Nel 1862 la statua della dama venne trasferita al cimitero di san Pietro in Vincoli, presso la salesiana area di Valdocco. Sul monumento era incisa una frase in francese, ora scomparsa, che così recitava: "Oh, sentimento, sentimento! Dolce vita dell'anima. Quale cuore non ha mai colpito? Qual'è lo sfortunato mortale cui non hai mai offerto il dolce piacer di versar lacrime, e qual'è l'anima crudele che, dinanzi a questo monumento semplice e pietoso, non si raccolga con malinconia e non condoni generosamente i difetti allo sposo che lo ha innalzato?". Si narra che il fantasma di Barbara, chiamata "Varvara" dagli spiritisti, compaia spesso a passeggio, di notte, per le vie di Torino, intenta ad andare a trovare il bel Tenente di artiglieria Enrico Biandrà che la vedeva apparire improvvisamente nella sua dimora. Il Tenente, alla vista del fantasma di Barbara, così bella e affascinante, se ne innamorò. Altre apparizioni si hanno al cimitero di San Pietro in Vincoli, ora abbandonato.
Mi piace pensare alla bella principessa che passeggia lungo i murazzi intenta ad ammirare da lontano la Basilica di Superga che dall'alto della collina torinese domina la città, oppure vederla transitare in carrozza in via Po, diretta in piazza castello, attorniata da signore a passeggio con l'ombrellino bianco come nei più bei ritratti ed incisioni dell'epoca.
Un storia avvincente che i torinesi conoscono e che altri hanno scoperto solo grazie al film "La donna velata", diretto dal regista Edoardo Margheriti ed interpretato da Enrico Lo Verso.
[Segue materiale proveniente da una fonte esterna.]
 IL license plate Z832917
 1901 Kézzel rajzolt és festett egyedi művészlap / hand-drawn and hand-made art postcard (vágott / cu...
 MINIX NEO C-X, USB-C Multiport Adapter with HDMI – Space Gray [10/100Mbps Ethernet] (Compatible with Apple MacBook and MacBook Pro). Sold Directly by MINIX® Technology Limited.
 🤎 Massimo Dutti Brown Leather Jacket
Le cronache raccontano che stranamente, durante le riprese del film, vi siano stati degli strani contrattempi, come luci costantemente fulminate e macchinari che si guastavano spesso. Ovviamente si è subito pensato ai dispetti di Barbara. Piccole fantasiose suggestioni di questa evanescente principessa russa, raminga lungo le sponde della Dora nelle nebbiose notti torinesi, lontano dalla rumorosa e festosa movida estiva dei murazzi.
La Municipalità dopo il 1817 decise l'ampliamento della città verso il fiume e allo stesso tempo anche la realizzazione di una ampia piazza in asse con via Po, su progetto dell'architetto Giuseppe Frizzi, originariamente intitolata a Vittorio Emanuele I. L'attuale nome le fu attribuito nel 1919 dopo la prima guerra mondiale quando, dovendo scegliere una piazza da dedicare alla vittoriosa battaglia di Vittorio Veneto, si scelse questa poiché popolarmente già nota come Piazza Vittorio.
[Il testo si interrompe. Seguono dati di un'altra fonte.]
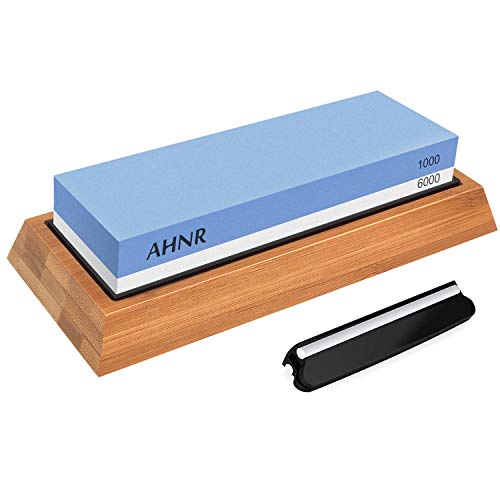 Whetstone Knife Sharpening Stone 2 Side 1000/6000 Grit Whetstone Sharpener Includes NonSlip Bamboo Base, Angle Guide, Polishing Tool for Kitchen, Hunting and Pocket Knives or Blades by AHNR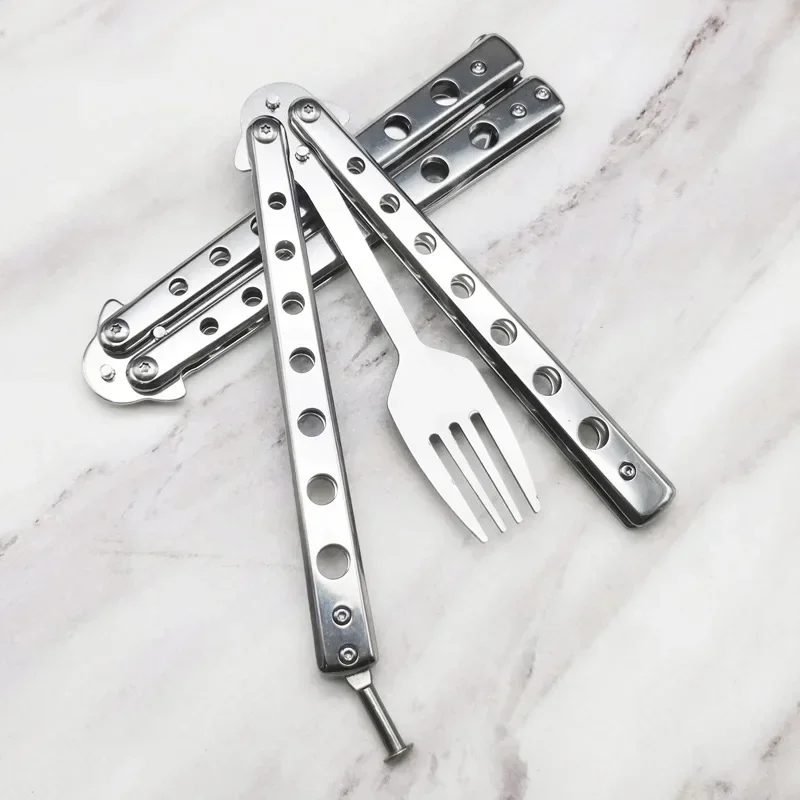 Foldable Butterfly Knife Portable Stainless Steel Butterfly Fork Spoon Pocket Trainer Survival Knife Outdoor Game Training Tools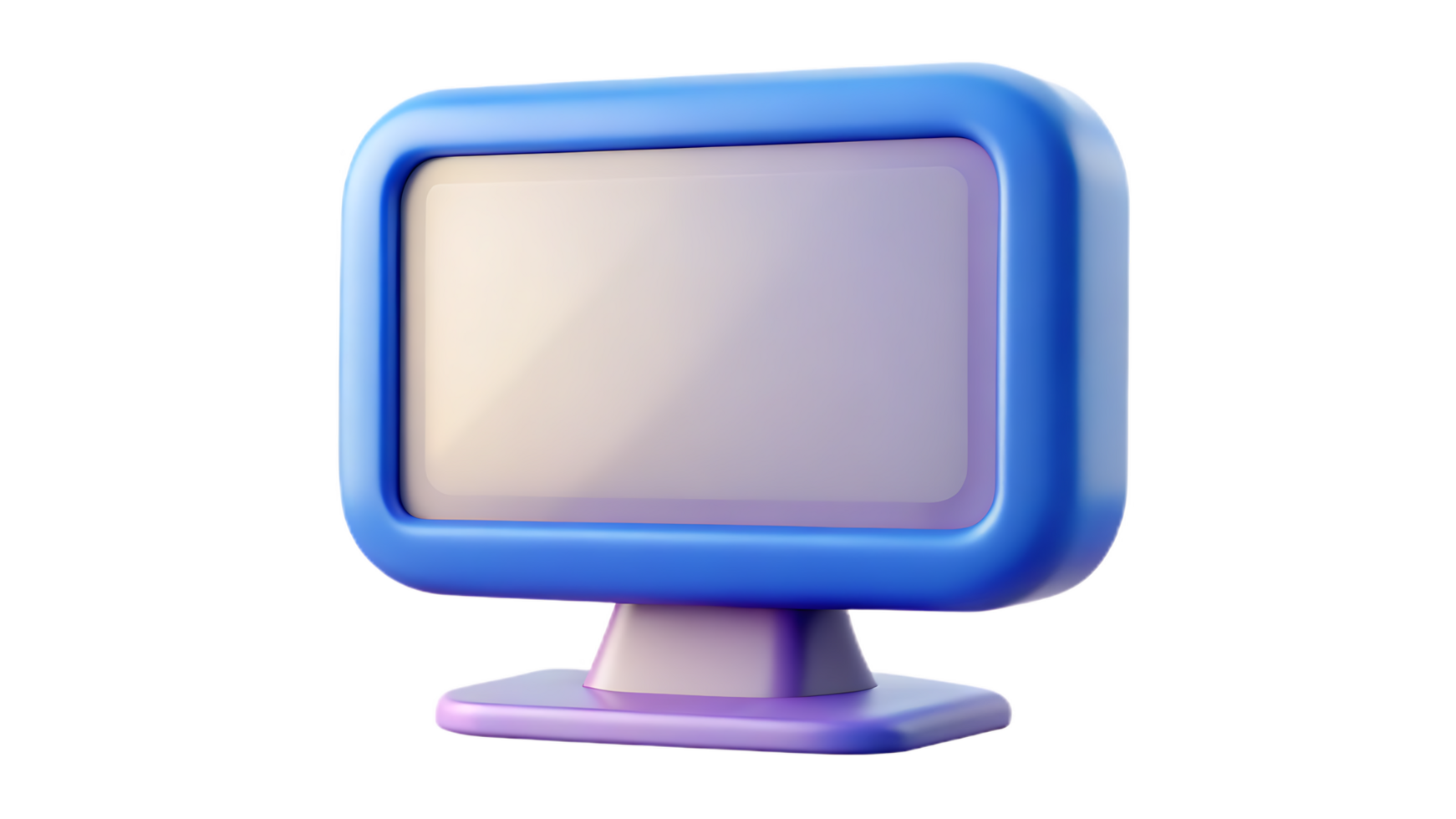 Clean desktop computer monitor icon, digital display concept. png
Anticamente la piazza era alberata e declinava verso il fiume, dove sorgeva l'antica "porta di Po", poi abbattuta sotto il dominio francese.
Questa piazza, anche dopo l'ampliamento della città verso il Po, ospitò per lungo tempo anche la funzione di "piazza d'armi", luogo prescelto sia per la sua vastità che per il dislivello del terreno che favoriva l'effetto scenico in occasione delle parate militari. La piazza infatti non è in piano, ma tra il lato che immette in via Po e quello sul fiume ci sono ben 7,19 metri di differenza di livello. L'architetto Giuseppe Frizzi, che progettò gli edifici porticati prospicienti sui due lati maggiori della piazza, li disegnò in modo tale da nascondere la pendenza. Solo con occhio attento e un po' di intuizione si può notare questa differenza, sopratutto passeggiando sotto i portici in direzione del Po si potrà notare che quelli verso il fondo sono più alti rispetto a quelli che si trovano al principio della piazza.
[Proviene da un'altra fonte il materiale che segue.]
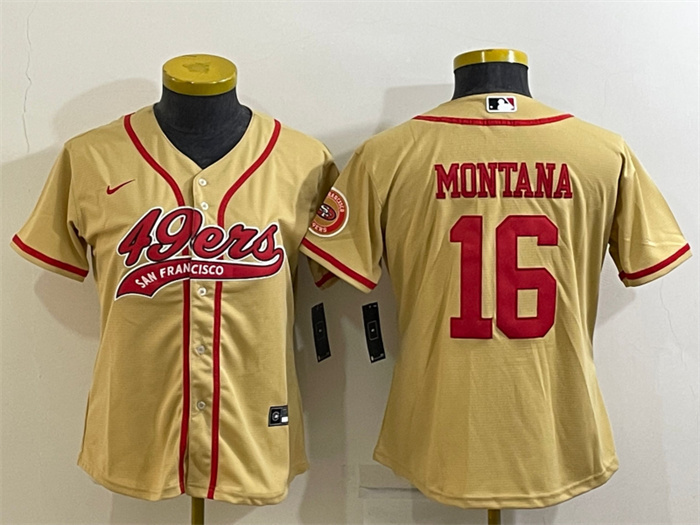 Personalized Women’s San Francisco 49ers #16 Joe Montana Gold With Patch Cool Base Stitched Baseball Jersey(Run Small)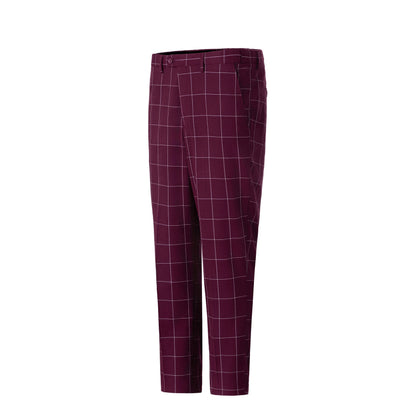 Bllmen Burgundy 3 Pieces Mens Suit Peak Lapel Tuxedos ST017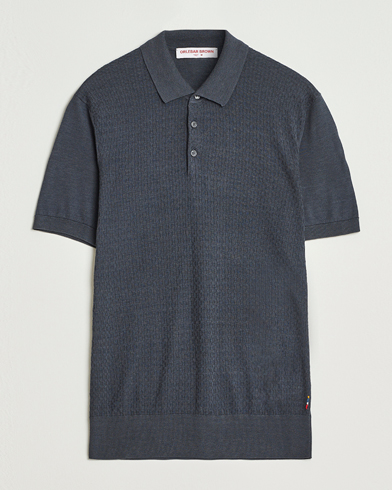 Orlebar Brown Burnham Silk/Cotton Polo Granite – Blue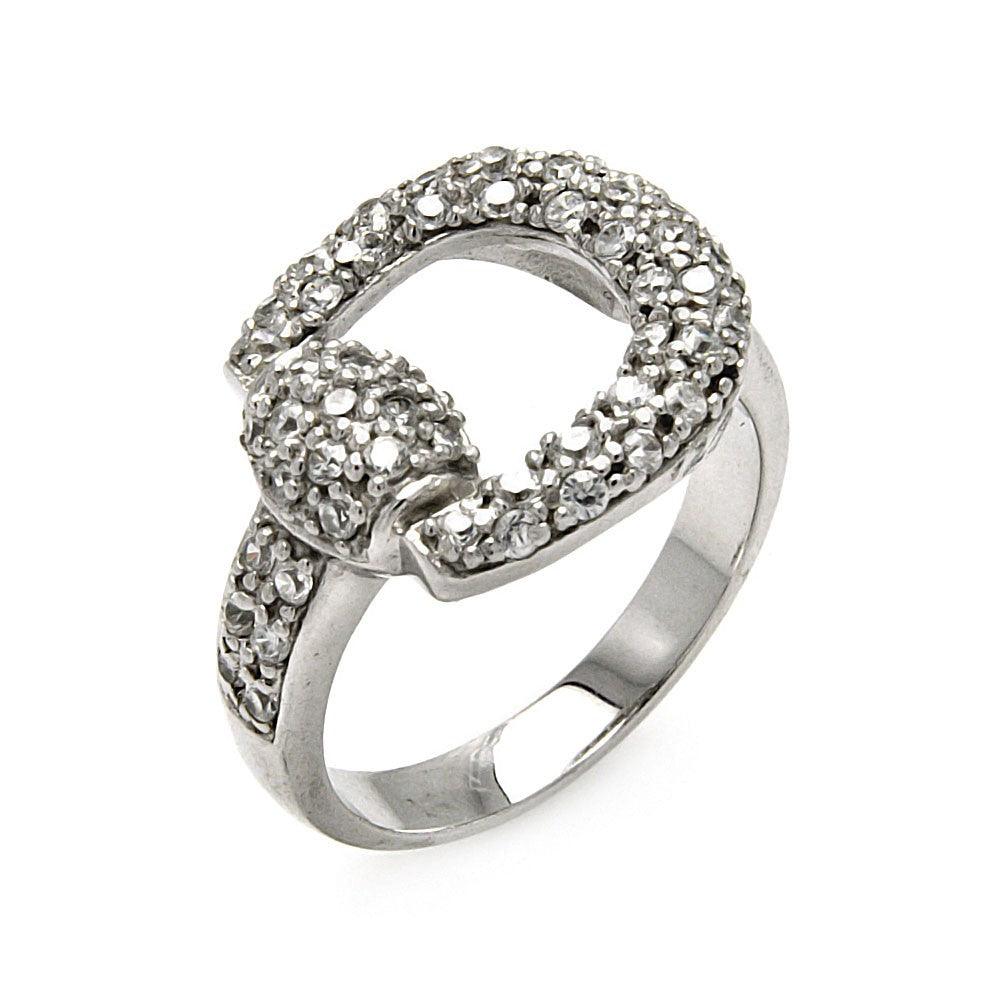Sterling Silver 925 Rhodium Plated Clear CZ Belt Buckle Ring Sizes 5-9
Una serie di lapidi poste sulle case ricorda i grandi personaggi che vi abitarono, come sulle arcate della casa vicino al civico 12, dove una lapide serba memoria dell'astronomo Giovanni Plana (1781-1864), che qui visse e dove morì nel 1864. La lapide fu posta nel centenario della sua morte, per celebrare l'astronomo e matematico autore della teoria del movimento della luna. Di fronte, quasi all'angolo di piazza Vittorio con corso Cadorna, alzando il naso tra due finestre sopra il porticato al numero 23, una lapide ormai quasi illeggibile ci ricorda il soggiorno del poeta romantico-risorgimentale Giovanni Prati (1814-1884), che vi alloggiò dal 1843. Giovanni Prati non ebbe vita facile nella capitale sabauda, per i continui contrasti con il modesto olimpo letterario torinese, tanto che si allontanò da Torino ben presto. La lapide a suo ricordo fu posata dalla municipalità torinese nel 1899. Invece posta al civico numero 12 morì il 18 marzo 1857 Pier Alessandro Paravia, immigrato dalle Venezie che insegnò letteratura italiana all'Università e che lasciò diversi scritti su vita, usi e costumi di Torino all'epoca di re Carlo Alberto.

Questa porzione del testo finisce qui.